The pardons leave five of the group still in prison: Mark Dimshits, 51, Eduard Kuznetsov, 38, Alexei Murzhenko, Yuri Fyodorov, and Iosif Mendelevich, 31. Dimshits and Kuznetsov originally were condemned to death, but the Soviets spared them after a world outcry. Their sentence run to 1985.
Jewish sources here said that all the others in the plot have now been freed and have emigrated. The five just pardoned were due to serve another 14 months in strict regime prison camps in Siberia.

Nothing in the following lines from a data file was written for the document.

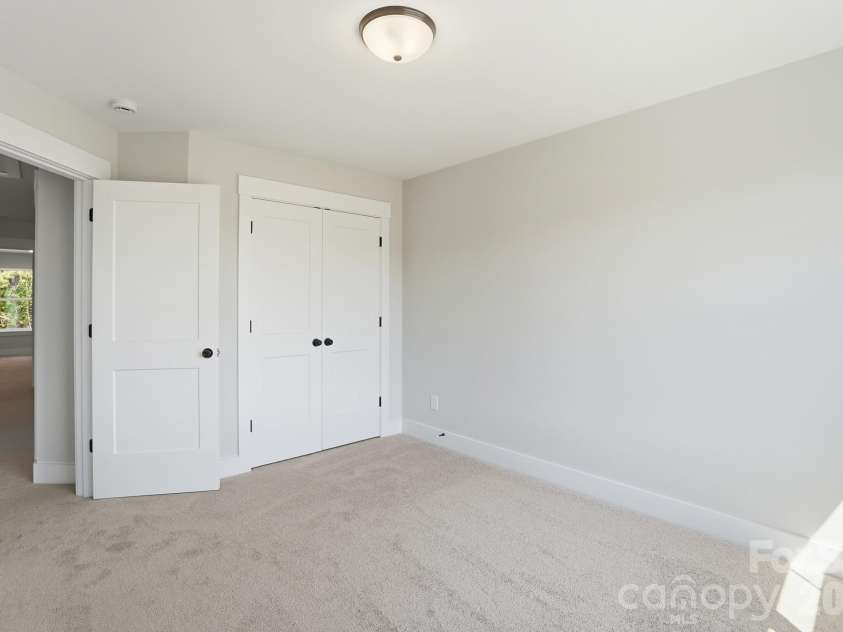 207 Viburnum Road, Waxhaw, NC 28173.  MLS# CAR4368137, YatesRealty ID 36241. 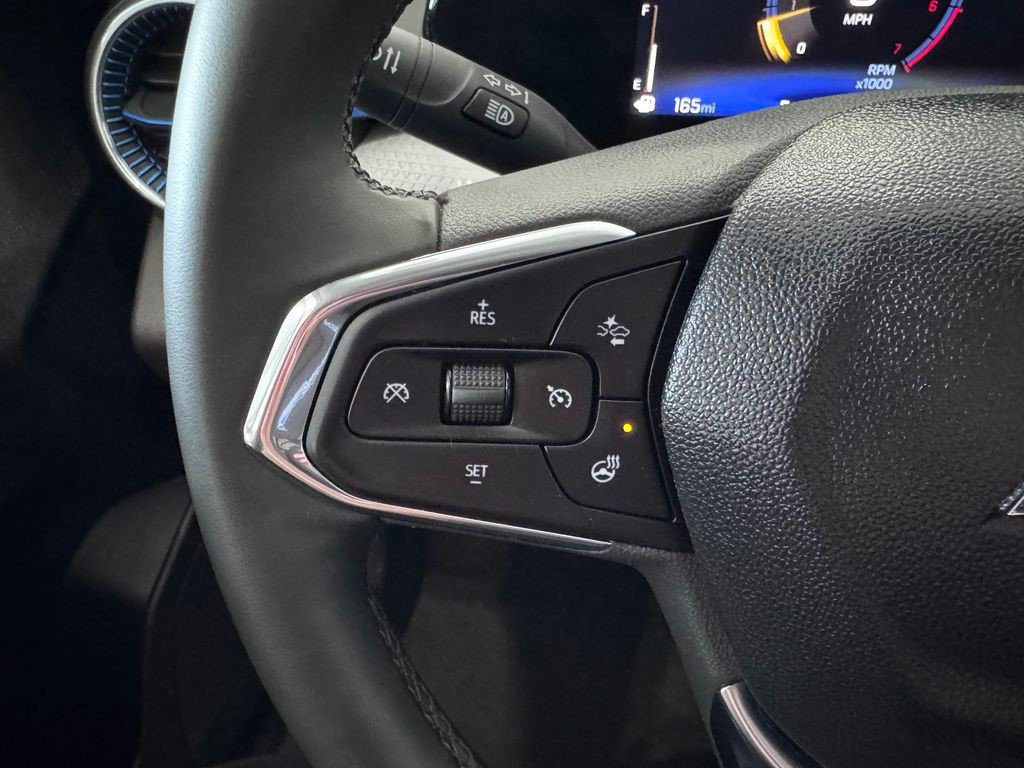 Certified 2025 Chevrolet Trax LT w/ LT Convenience Package image 24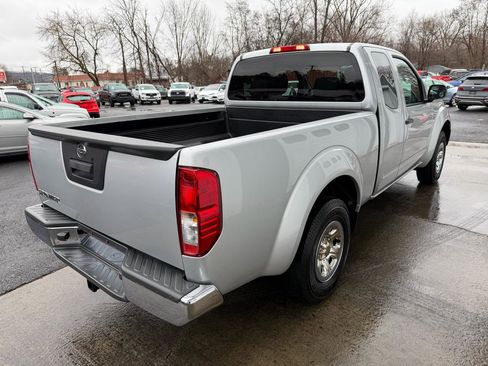 Used 2014 Nissan Frontier S w/ S Preferred Package image 4
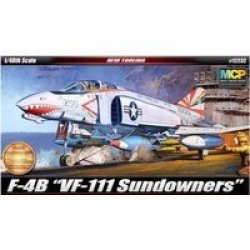 F-4B VF-111 Sundowners Model Kit 1:48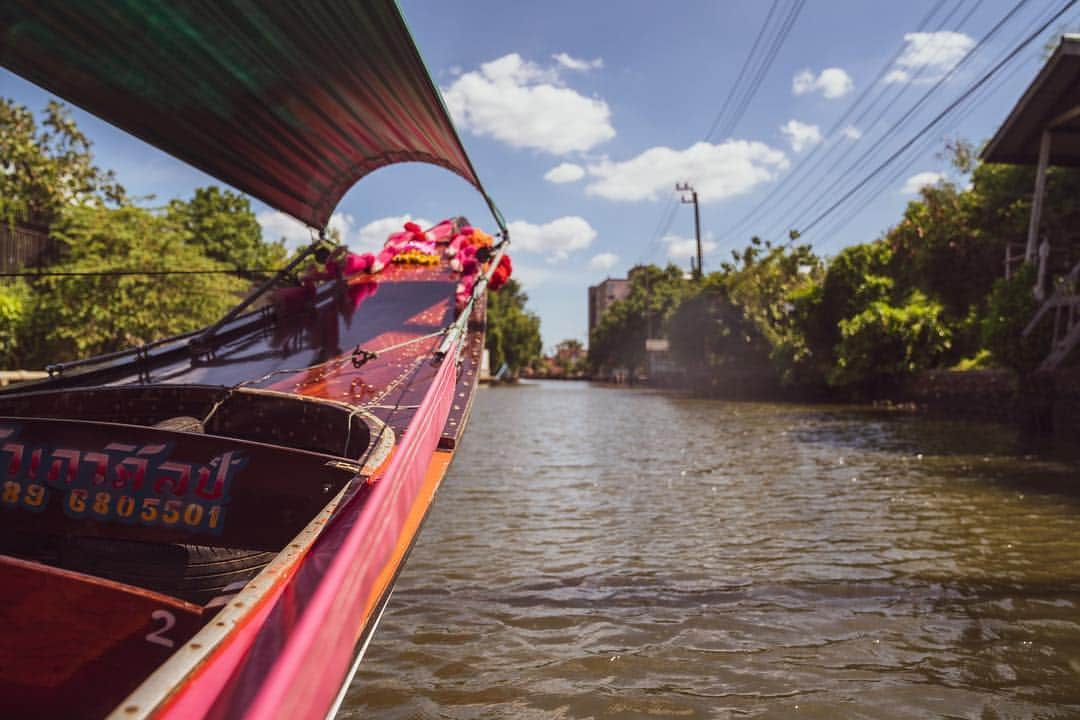 エド・シーランさんのインスタグラム写真 - (エド・シーランInstagram)「Boating and temples and beer in Bangkok 📸 @zakarywalters」5月2日 21時40分 - teddysphotos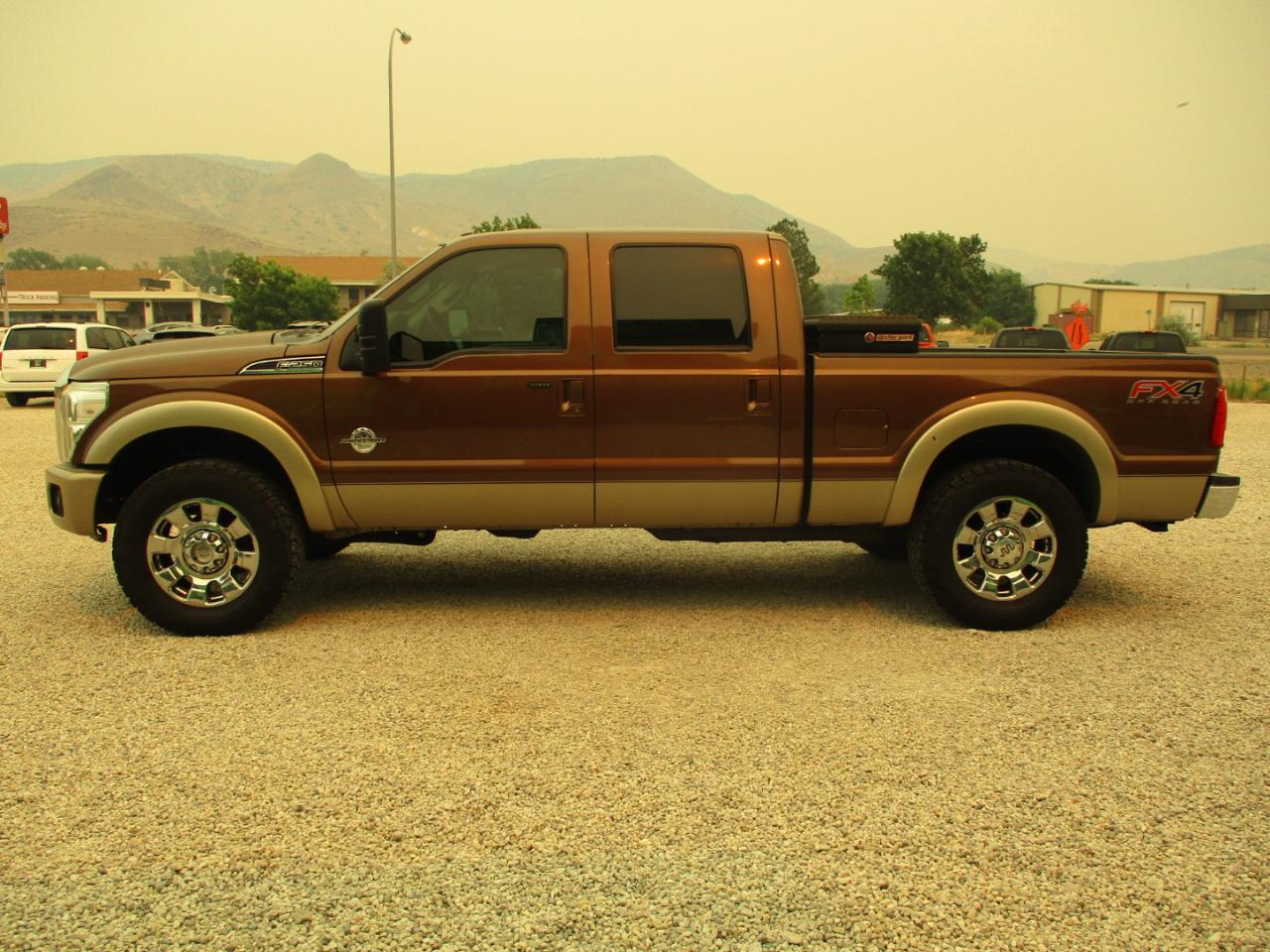 Ford F-250 SD Lariat Crew Cab 4WD 2012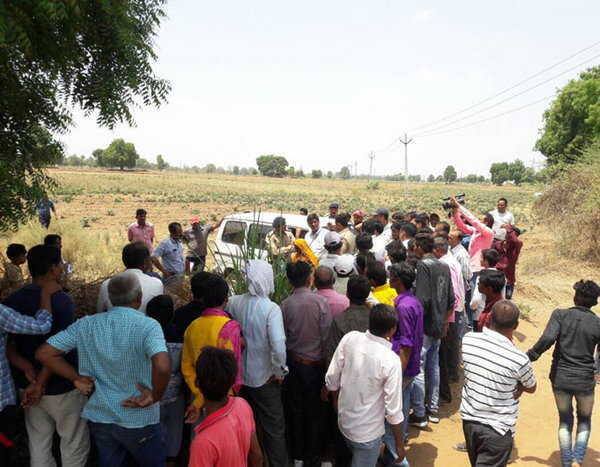 પાસેના રેલ્વે ટ્રેક પર મજૂરીકામ કરતા ચાર ઇસમો હત્યાના દિવસે જ જતા રહ્યા હોવાની ખબર પડતાં પોલીસે તેમને રાજસ્થાનથી લાવીને ઓળખ પરેડ કરાવી હતી. રાકેશની પત્નીએ આ ઇસમો હોવા અંગે ઇન્કાર કરી દેતાં ચંદુએ તેને ખખડાવી હતી અને કહ્યું હતું કે, તારે ગમે તે બેને ઓળખી બતાવવા હતા.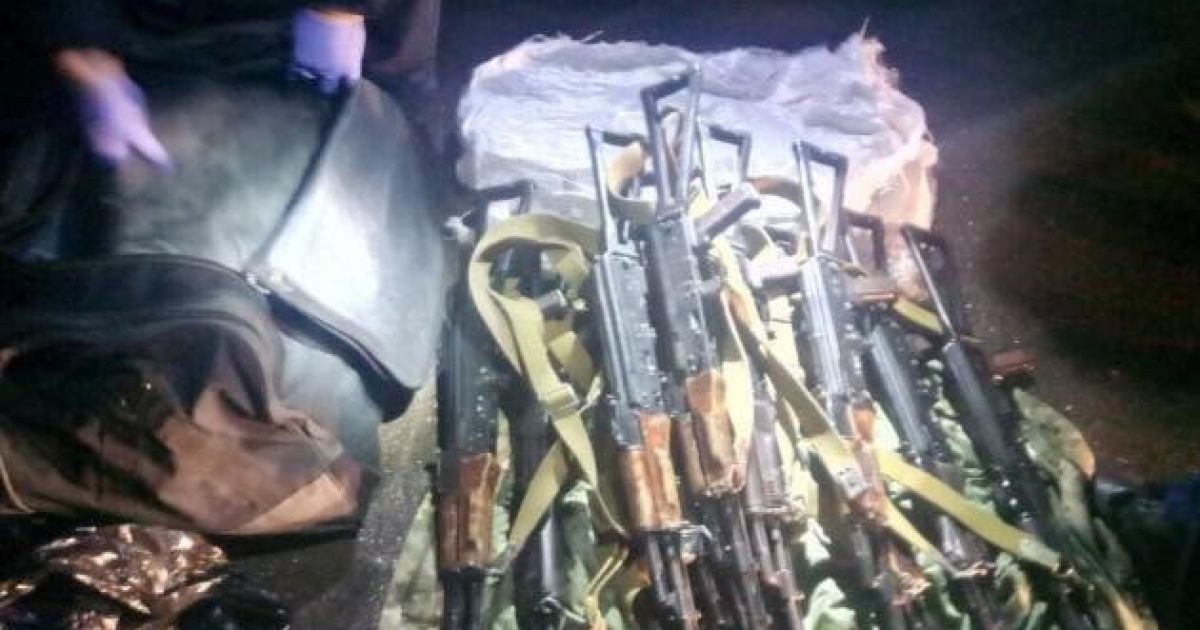 В Одессе задержали военного-контрактника, который собирался завезти 12 автоматов на Майдан – Матиос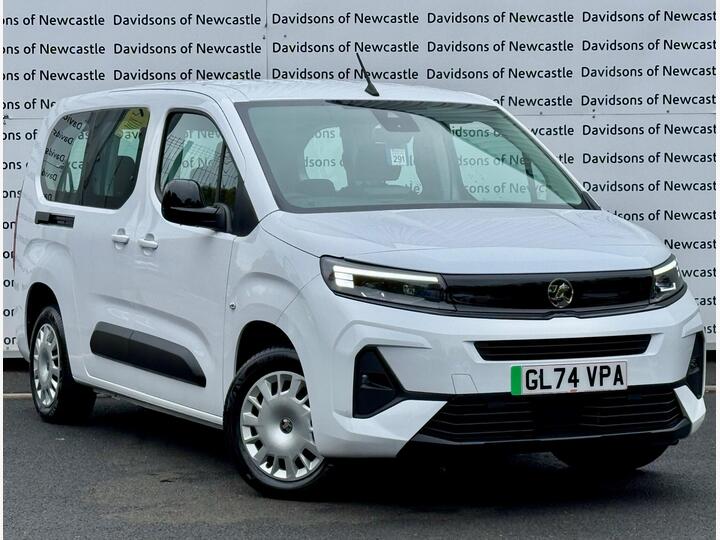 Vauxhall Combo Life Electric 52kWh Design XL MPV Auto 5dr (7.4kW Charger) Vauxhall Combo Life Electric 52kWh Design XL MPV Auto 5dr (7.4kW Charger)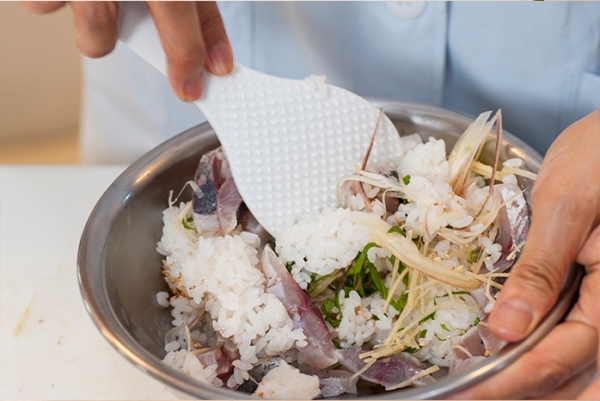 白飯にすし酢を混ぜてすし飯にし、②のアジといずれも千切りにした青じそ、みょうが、しょうが、さらに白ゴマを混ぜて器に盛る。白髪ネギを上に盛る。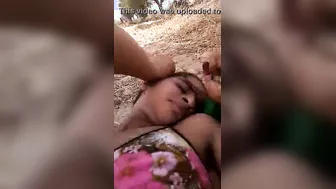 Village beauty love tunnel show in the outdoors Dehati hot video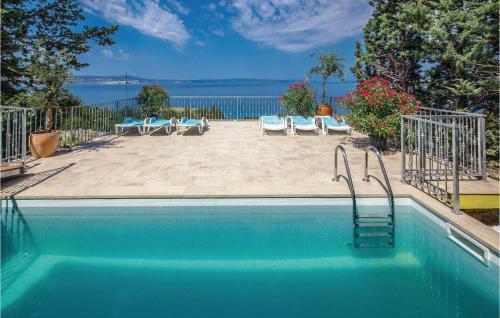 Apartment Klenovica With Sea View I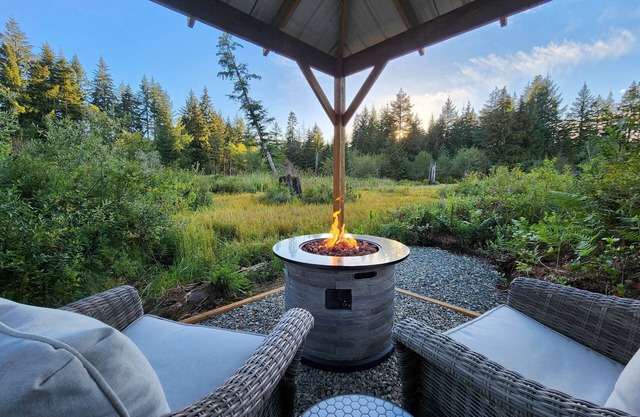 Private Hideaway, Wetland Views! Heather Cottage
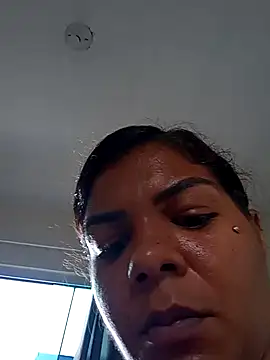 Indiazinhax online show from March 2025 05:10:02 PM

Among the longtime "refusedniks" who have received sudden persmission to emigrate is Leonid Slepak, 19, son of Jewish activist Vladimir Slepak who is now serving a five-year sentence of exile in the Soviet Far East. Young Slepak, who successfully hid himself from the Red Army draft for more than a year, said today he and his wife and their infant son will leave in early May.
Other Jewish Sources here reported that six Kiev "refusednik" families have received exit permission, along with Felix Aronovich of Leningrad, who has waited seven years.
Zalmanson told the Associated Press here that "nobody expected" the pardsons and that "nobody asked for them."
Rep. Vanik in recent months has said he is contemplating various moves that would have the effect of easing the trade restrictions against the Soviets. He met with a group of refusedniks here yesterday to discuss his proposals and hear their views on them.
The Soviets long have attacked the Jackson-Vanik amendment as an attempt by Congress to meddle in internal Soviet Policies. While asserting that the United States is only hurting its own trade umbalance by withholding most-favored-nation trade credit status from the Soviet Union, the Soviets have made it clear they want the trade status for symbolic reasons of acceptance as much as for the actual trade improvement.
Washington sources reported recently that 4,418 Jews left the Soviet Union last month, a new monthly record which, if continued through the year, could mean almost 50,000 Jews may emigrate in 1979, a record.